**YOUR GOAL:** Print only the lines that begin at the line containing "thumbnail image 4" and end at the last line of the material, both included, without any change.

- Opening Delimiter -

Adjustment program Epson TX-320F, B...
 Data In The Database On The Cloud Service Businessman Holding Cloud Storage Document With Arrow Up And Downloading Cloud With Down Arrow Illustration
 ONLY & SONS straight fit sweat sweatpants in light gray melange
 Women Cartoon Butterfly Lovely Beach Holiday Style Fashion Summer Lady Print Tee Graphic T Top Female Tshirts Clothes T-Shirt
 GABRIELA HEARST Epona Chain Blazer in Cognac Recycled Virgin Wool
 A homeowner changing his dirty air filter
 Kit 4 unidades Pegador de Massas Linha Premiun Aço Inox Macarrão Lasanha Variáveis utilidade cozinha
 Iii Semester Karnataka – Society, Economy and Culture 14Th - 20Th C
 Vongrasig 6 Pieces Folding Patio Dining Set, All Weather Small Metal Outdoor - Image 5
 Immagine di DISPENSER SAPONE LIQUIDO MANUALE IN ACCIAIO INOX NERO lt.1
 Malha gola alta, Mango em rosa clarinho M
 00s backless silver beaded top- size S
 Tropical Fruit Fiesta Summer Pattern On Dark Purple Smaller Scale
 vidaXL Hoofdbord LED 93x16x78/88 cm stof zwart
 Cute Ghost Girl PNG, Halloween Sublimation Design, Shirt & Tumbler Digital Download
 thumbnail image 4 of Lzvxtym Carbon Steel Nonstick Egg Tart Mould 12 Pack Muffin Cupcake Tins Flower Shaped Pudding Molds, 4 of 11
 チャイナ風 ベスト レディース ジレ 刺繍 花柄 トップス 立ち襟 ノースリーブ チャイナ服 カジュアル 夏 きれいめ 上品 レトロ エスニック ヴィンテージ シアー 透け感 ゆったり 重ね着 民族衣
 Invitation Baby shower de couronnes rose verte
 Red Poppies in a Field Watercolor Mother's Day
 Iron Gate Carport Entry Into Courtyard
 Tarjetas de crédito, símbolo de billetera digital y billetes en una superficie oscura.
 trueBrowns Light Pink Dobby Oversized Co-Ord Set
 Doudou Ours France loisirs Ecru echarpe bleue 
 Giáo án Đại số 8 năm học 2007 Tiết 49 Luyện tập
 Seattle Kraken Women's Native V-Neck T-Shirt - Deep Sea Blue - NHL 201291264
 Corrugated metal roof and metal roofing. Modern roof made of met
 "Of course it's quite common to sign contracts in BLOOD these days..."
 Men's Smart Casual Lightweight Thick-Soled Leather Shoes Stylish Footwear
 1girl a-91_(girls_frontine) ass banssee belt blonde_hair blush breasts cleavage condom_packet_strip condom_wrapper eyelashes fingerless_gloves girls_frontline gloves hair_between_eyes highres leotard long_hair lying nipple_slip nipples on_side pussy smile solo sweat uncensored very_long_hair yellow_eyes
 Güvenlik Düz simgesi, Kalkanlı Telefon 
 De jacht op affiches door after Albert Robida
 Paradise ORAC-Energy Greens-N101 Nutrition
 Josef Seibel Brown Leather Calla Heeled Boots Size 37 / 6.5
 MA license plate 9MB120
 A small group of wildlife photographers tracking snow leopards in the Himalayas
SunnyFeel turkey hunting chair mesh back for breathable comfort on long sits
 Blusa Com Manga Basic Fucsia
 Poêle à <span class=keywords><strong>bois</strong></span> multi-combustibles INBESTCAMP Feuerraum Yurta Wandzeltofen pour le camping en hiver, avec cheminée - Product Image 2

- Closing Delimiter -

**REPLY:**
 thumbnail image 4 of Lzvxtym Carbon Steel Nonstick Egg Tart Mould 12 Pack Muffin Cupcake Tins Flower Shaped Pudding Molds, 4 of 11
 チャイナ風 ベスト レディース ジレ 刺繍 花柄 トップス 立ち襟 ノースリーブ チャイナ服 カジュアル 夏 きれいめ 上品 レトロ エスニック ヴィンテージ シアー 透け感 ゆったり 重ね着 民族衣
 Invitation Baby shower de couronnes rose verte
 Red Poppies in a Field Watercolor Mother's Day
 Iron Gate Carport Entry Into Courtyard
 Tarjetas de crédito, símbolo de billetera digital y billetes en una superficie oscura.
 trueBrowns Light Pink Dobby Oversized Co-Ord Set
 Doudou Ours France loisirs Ecru echarpe bleue 
 Giáo án Đại số 8 năm học 2007 Tiết 49 Luyện tập
 Seattle Kraken Women's Native V-Neck T-Shirt - Deep Sea Blue - NHL 201291264
 Corrugated metal roof and metal roofing. Modern roof made of met
 "Of course it's quite common to sign contracts in BLOOD these days..."
 Men's Smart Casual Lightweight Thick-Soled Leather Shoes Stylish Footwear
 1girl a-91_(girls_frontine) ass banssee belt blonde_hair blush breasts cleavage condom_packet_strip condom_wrapper eyelashes fingerless_gloves girls_frontline gloves hair_between_eyes highres leotard long_hair lying nipple_slip nipples on_side pussy smile solo sweat uncensored very_long_hair yellow_eyes
 Güvenlik Düz simgesi, Kalkanlı Telefon 
 De jacht op affiches door after Albert Robida
 Paradise ORAC-Energy Greens-N101 Nutrition
 Josef Seibel Brown Leather Calla Heeled Boots Size 37 / 6.5
 MA license plate 9MB120
 A small group of wildlife photographers tracking snow leopards in the Himalayas
SunnyFeel turkey hunting chair mesh back for breathable comfort on long sits
 Blusa Com Manga Basic Fucsia
 Poêle à <span class=keywords><strong>bois</strong></span> multi-combustibles INBESTCAMP Feuerraum Yurta Wandzeltofen pour le camping en hiver, avec cheminée - Product Image 2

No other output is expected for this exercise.